Airbus parent EADS looks close to clinching a long-awaited deal with European governments to rescue the A400M military transporter plane, boosting its shares and easing fears over 10,000 jobs.

As France and Germany piled pressure on the aerospace group to accept a package of international support to prevent a cost crisis overheating, EADS confirmed that a letter from the A400M's seven customer nations represented "an important step towards convergence," but insisted that it was too early to draw financial conclusions.

Airbus chief executive Tom Enders warned in January that losses on the programme were threatening the future of the company, and called on European governments to come up with a support package or see the project shut down.

Technical problems, delays and rampant overspending have pushed Europe's ambitions to develop a home-grown transporter for strategic missions more than 5 billion euros into the red.

Countries that ordered the troop plane - Britain, France, Germany, Spain, Belgium, Luxembourg and Turkey - have offered 3.5 billion euros in mixed forms of funding support, which is 900 million euros less than EADS had been asking for.

An EADS spokesman said the offer was still being studied. The company had received a letter summarising the status of the negotiations and proposing changes to the original contract, but was seeking clarification on several items, and some points had been left open for later discussion.

Germany said it expected a swift answer on the offer and that all sides were making efforts to resolve disagreements.

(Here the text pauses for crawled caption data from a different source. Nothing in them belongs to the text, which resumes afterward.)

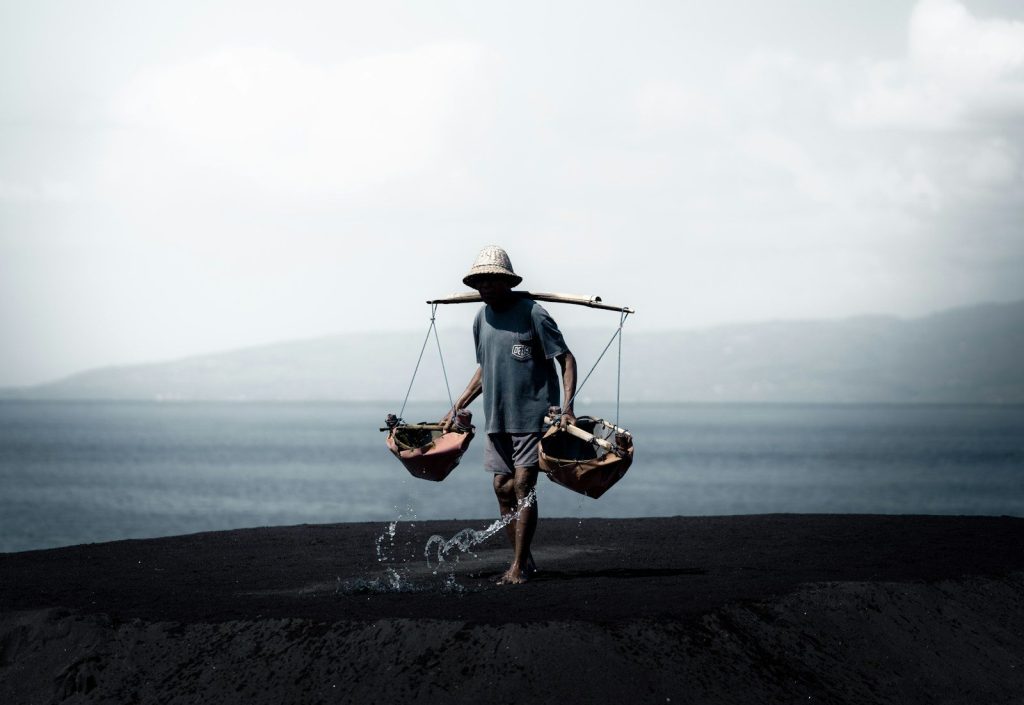 A man carrying two buckets on his back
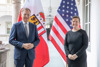 Landeshauptmann Mag. Thomas Stelzer und Melissa Hughes stehen nebeneinander auf einem Gang im Arkadenhof des Linzer Landhauses, hinter ihnen eine Oberösterreich- und eine US-Amerikanische Fahne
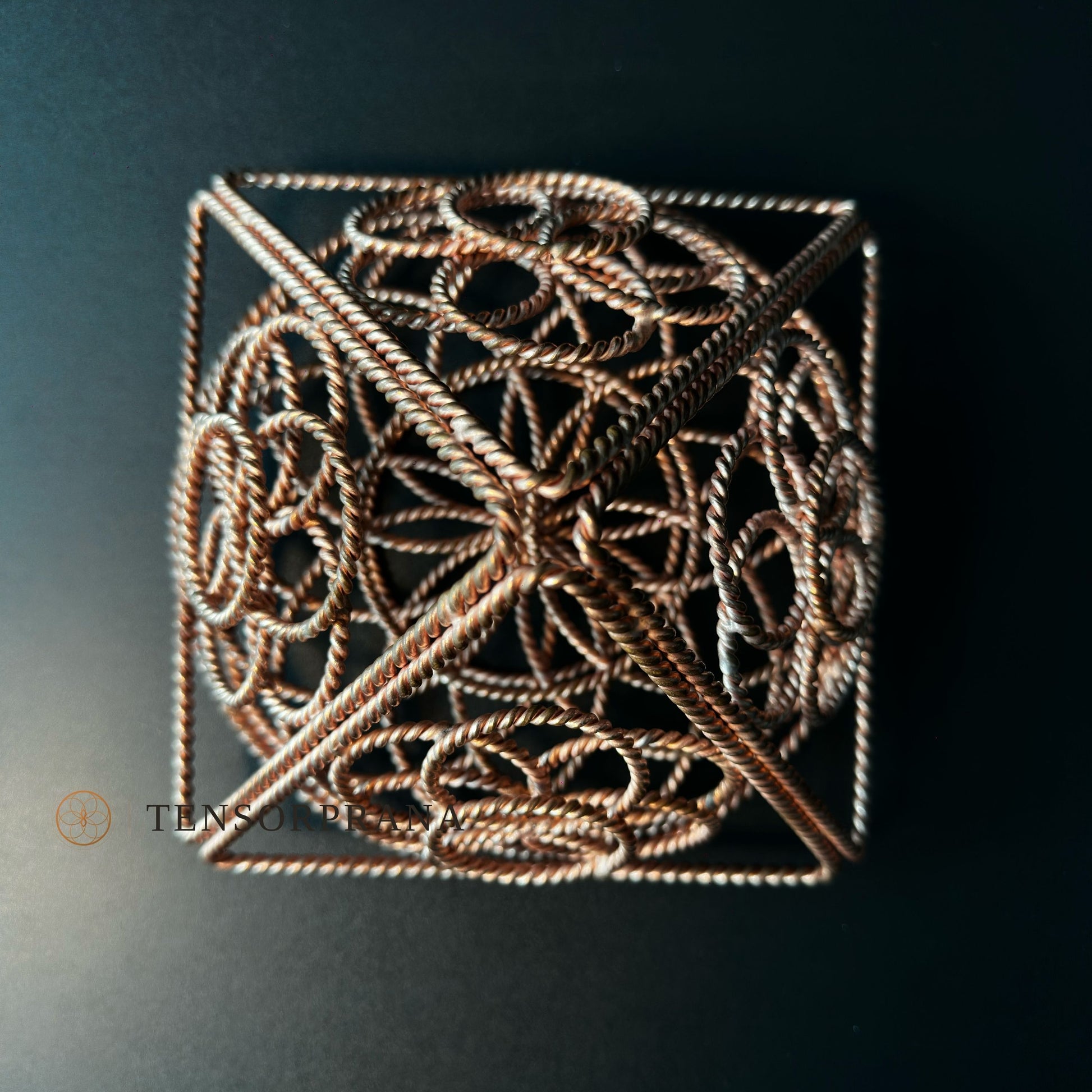 Close-up of the twisted copper wire edges and the Flower of Life weave inside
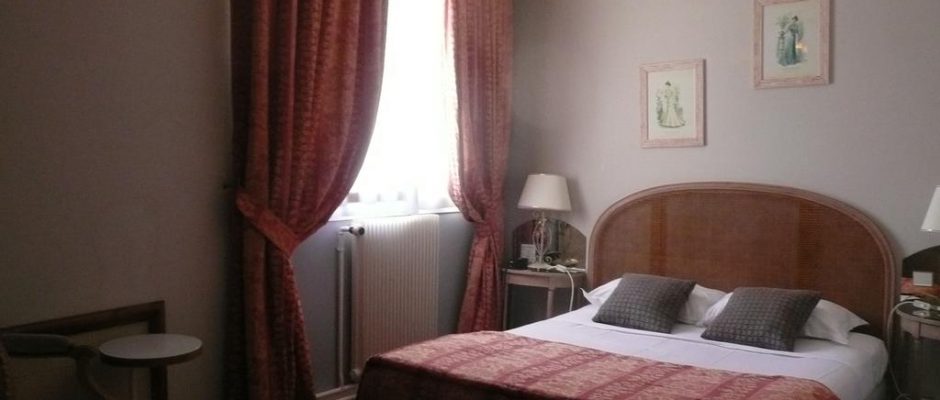 A double bedroom at Grand Hotel des Templiers, Reims, Champagne, France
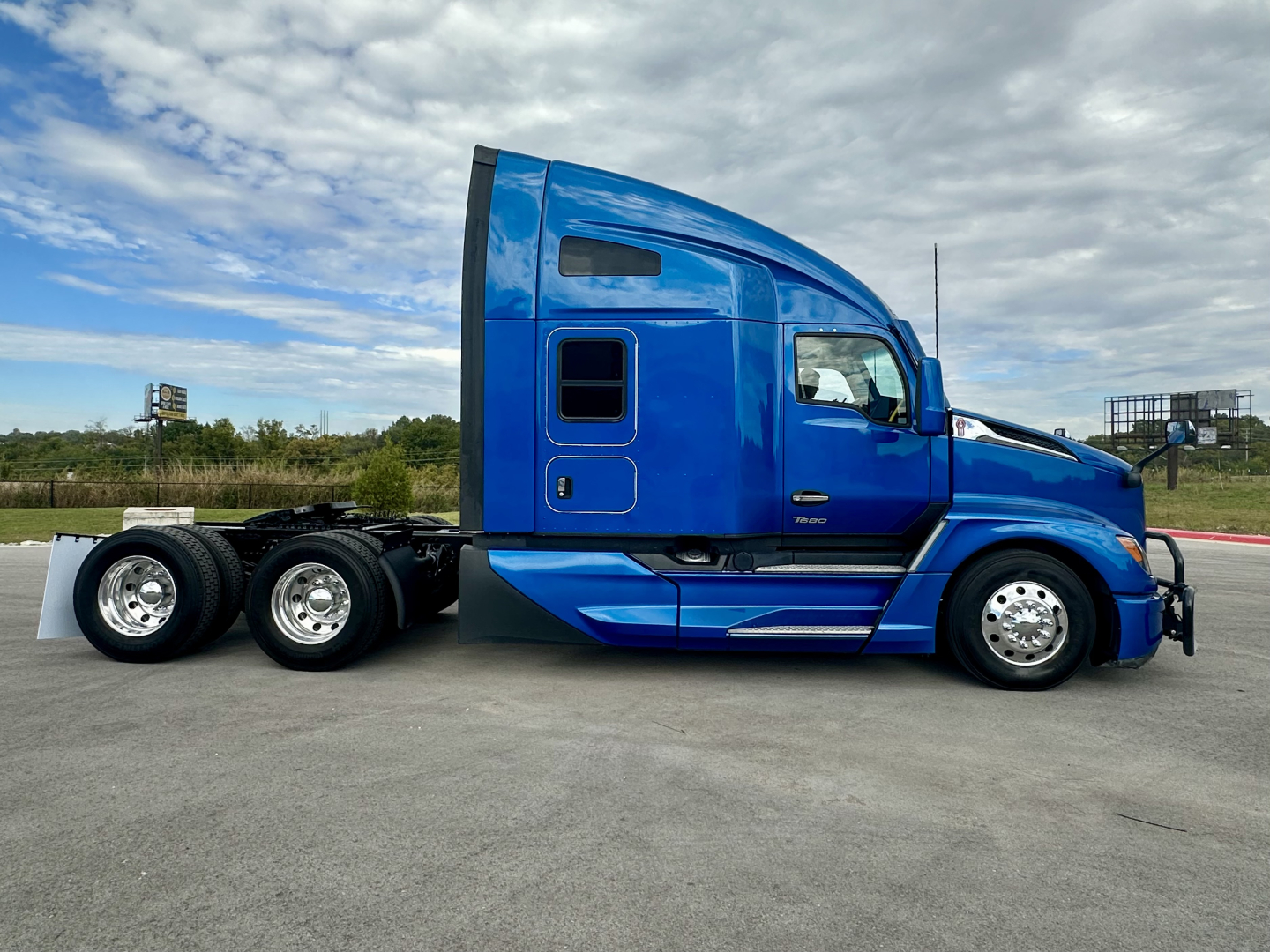 Kenworth T680 side view showing bright blue sleeper cab and tridem rear axle with six wheels.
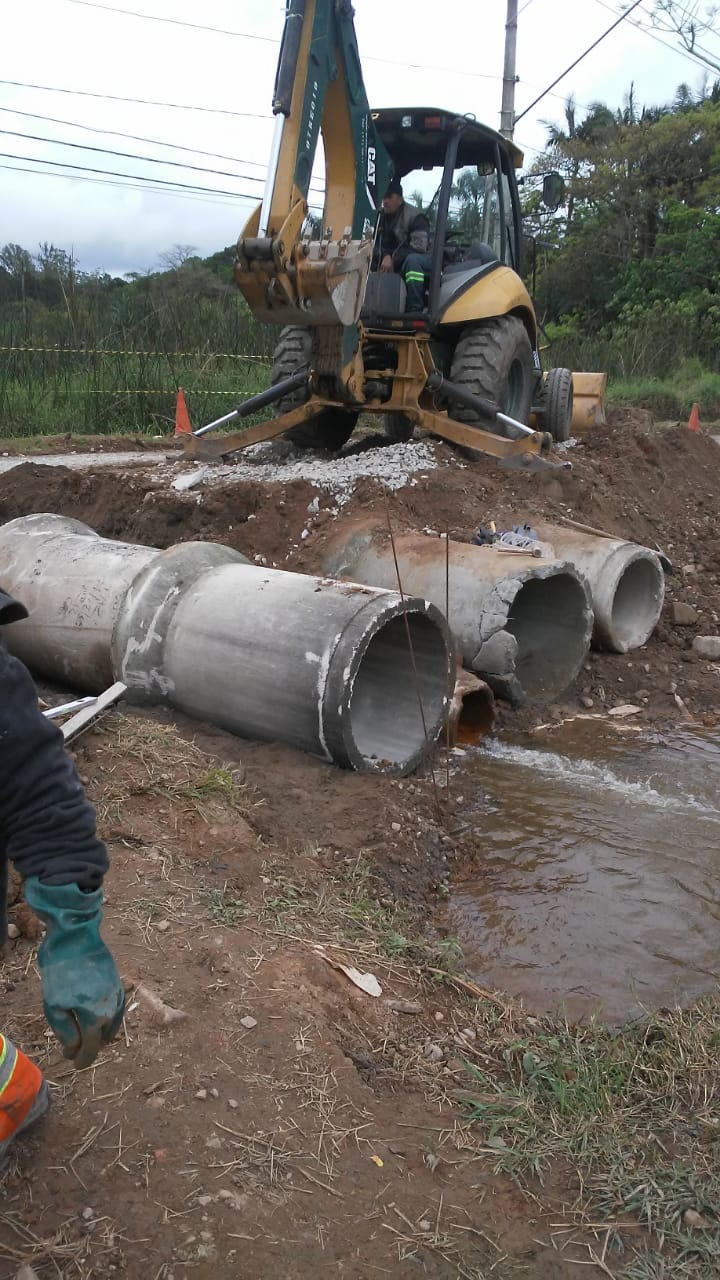 #PraCegoVer - Escavadeira verde e amarela recobre de terra os tubos de concreto na travessia de carros e pedestres.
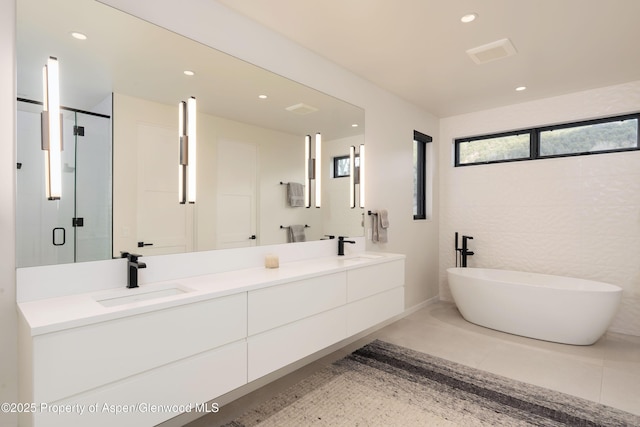 bathroom with double vanity, recessed lighting, a stall shower, and a sink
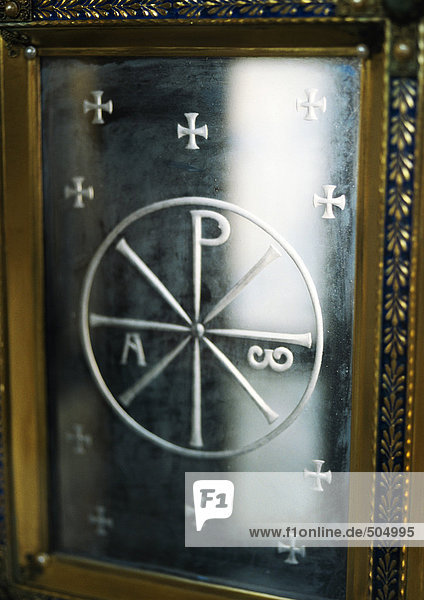 Christian monogram engraved in metal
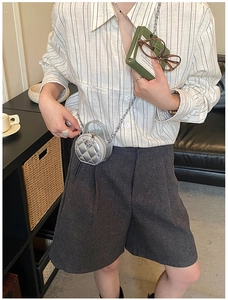 Détail d'un mini sac argenté matelassé avec boucle camélia et bandoulière en chaîne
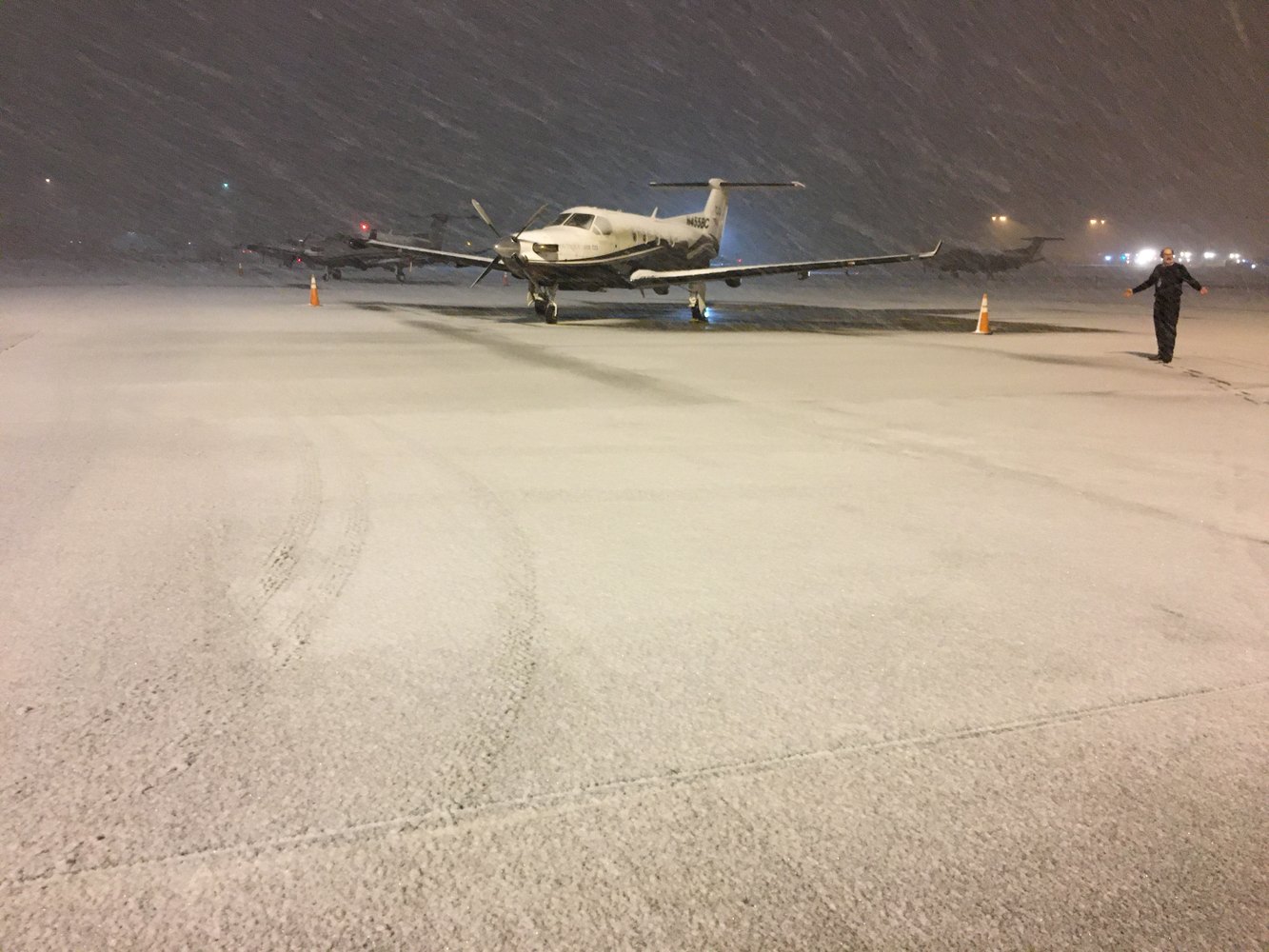Nighttime snowstorm on the ramp with PC-12 and pilot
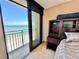 Bedroom with sliding doors to balcony and ocean view at 1390 Gulf Blvd # Ph-1, Clearwater Beach, FL 33767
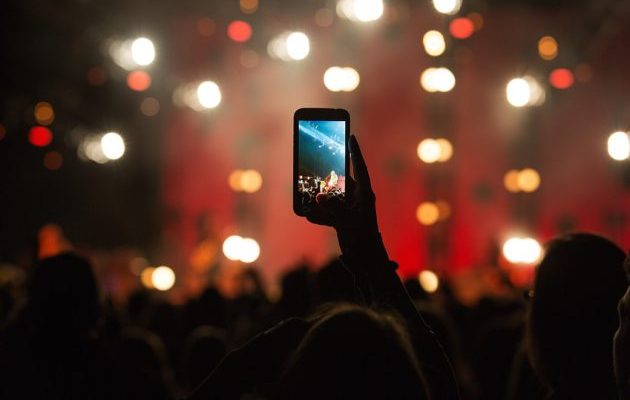 fan-taking-photo-with-cell-phone-at-a-concert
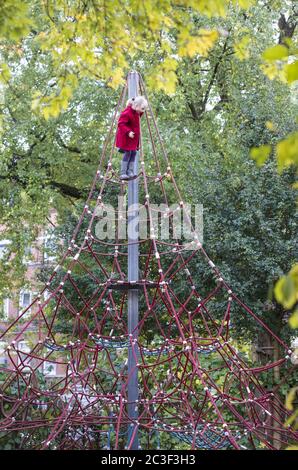Ragazza (7) su telaio di arrampicata su corda, Kiel, Schleswig-Holstein, Germania Foto Stock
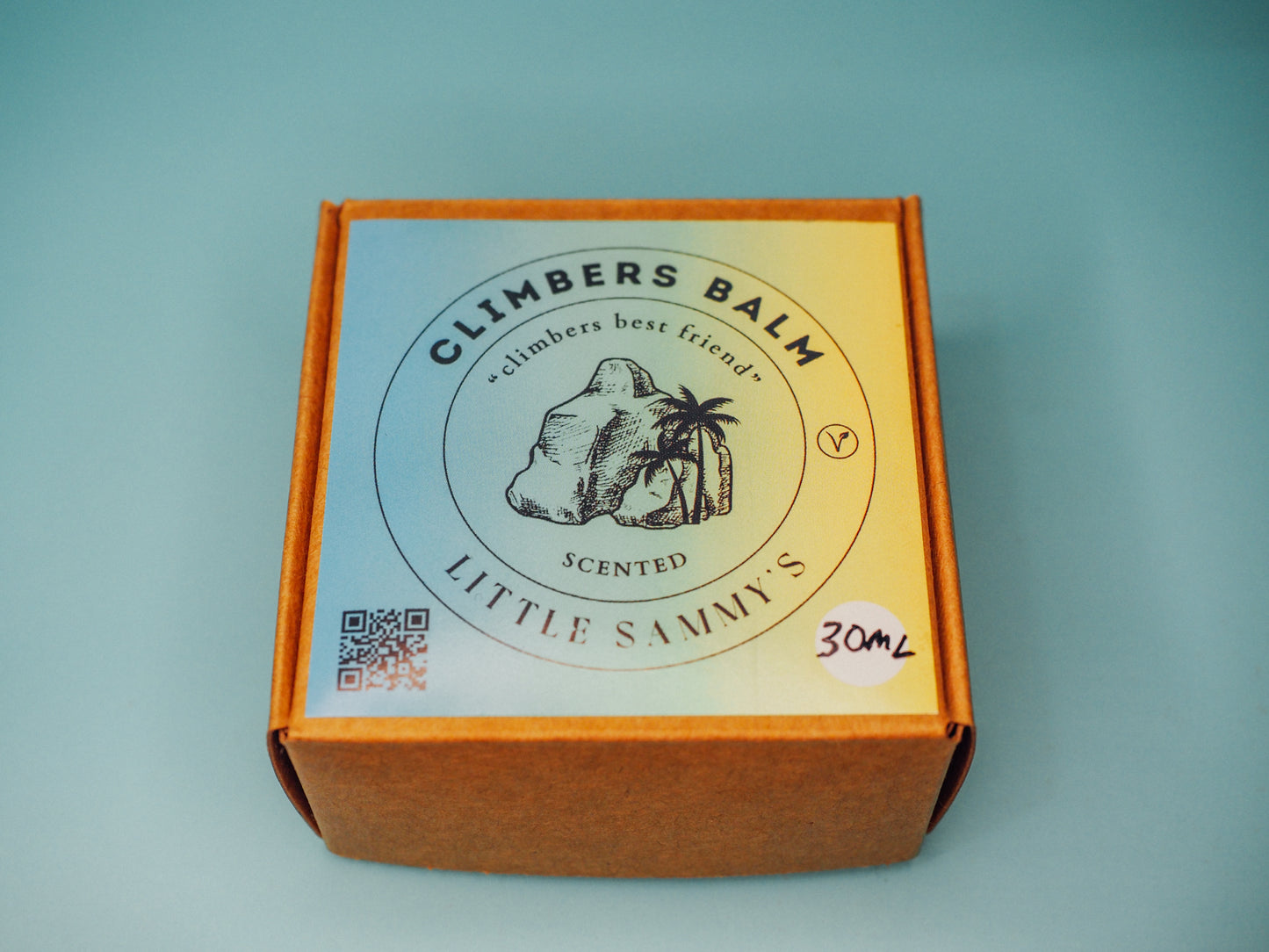 A closed premium kraft box for Little Sammy's Scented Climbers Balm Travel Bundle, featuring a crisp label with a QR code, sits against a light blue backdrop, hinting at the quality skincare journey within for climbers.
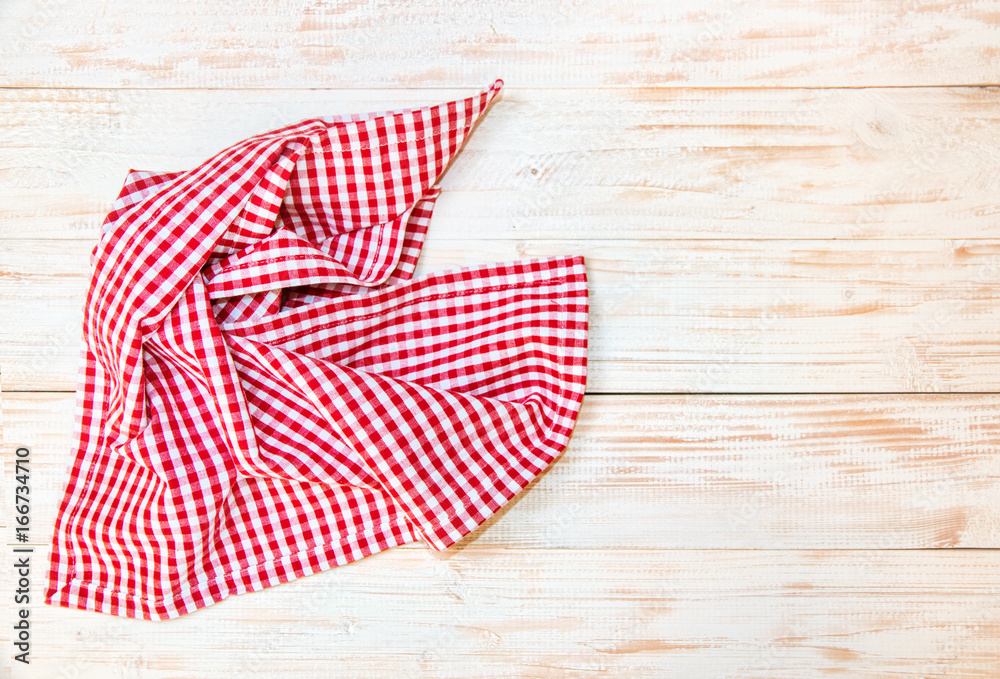 The checkered tablecloth on wooden table. The checkered tablecloth on wooden table.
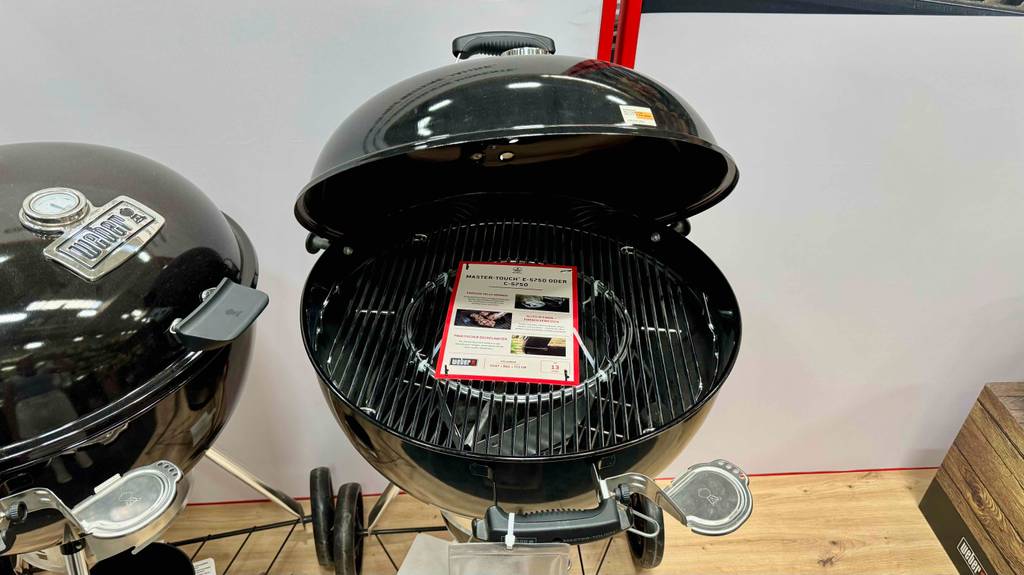 Der runde Weber-Holzkohlegrill im Test steht mit geöffnetem Deckel, der Fokus liegt auf dem Grillgut-Rost, neben einem anderen runden Standgrill von Weber in einem Baumarkt.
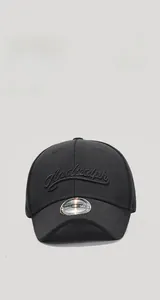 Detailed view of Andrewlph 3D embroidery on a black short brim baseball cap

France said there would be no more money on the table after the new offer, which would leave EADS with A400M losses of 1.7 billion euros on top of 2.4 billion it has already written off.

Although EADS still faces a hefty loss on the deal, shares in the world's second-largest aerospace group rose up to 6.4 percent as concerns faded that it would have to bear the entire 5.2 billion euro loss or walk away at even greater cost.

The A400M heavy airlifter is designed to fill a gap between the veteran Lockheed Martin C-130 Hercules and the larger jet-powered C-17 from Boeing, but has been plagued by problems in developing its powerful turbo-prop engines.

Despite making its maiden test flight last December, the aircraft will not be ready for military or humanitarian missions before late 2013, four years later than scheduled.

Buyers ordered 180 planes for almost 20 billion euros in 2003, but the cost of building them is set to top 30 billion.

Failure to finalise a deal could hit 10,000 production jobs.

EADS meanwhile faces pressure not just from government buyers but also from its own auditors, who are seen as increasingly reluctant to let EADS defer potentially hefty charges beyond its fourth-quarter 2009 results due on March 9.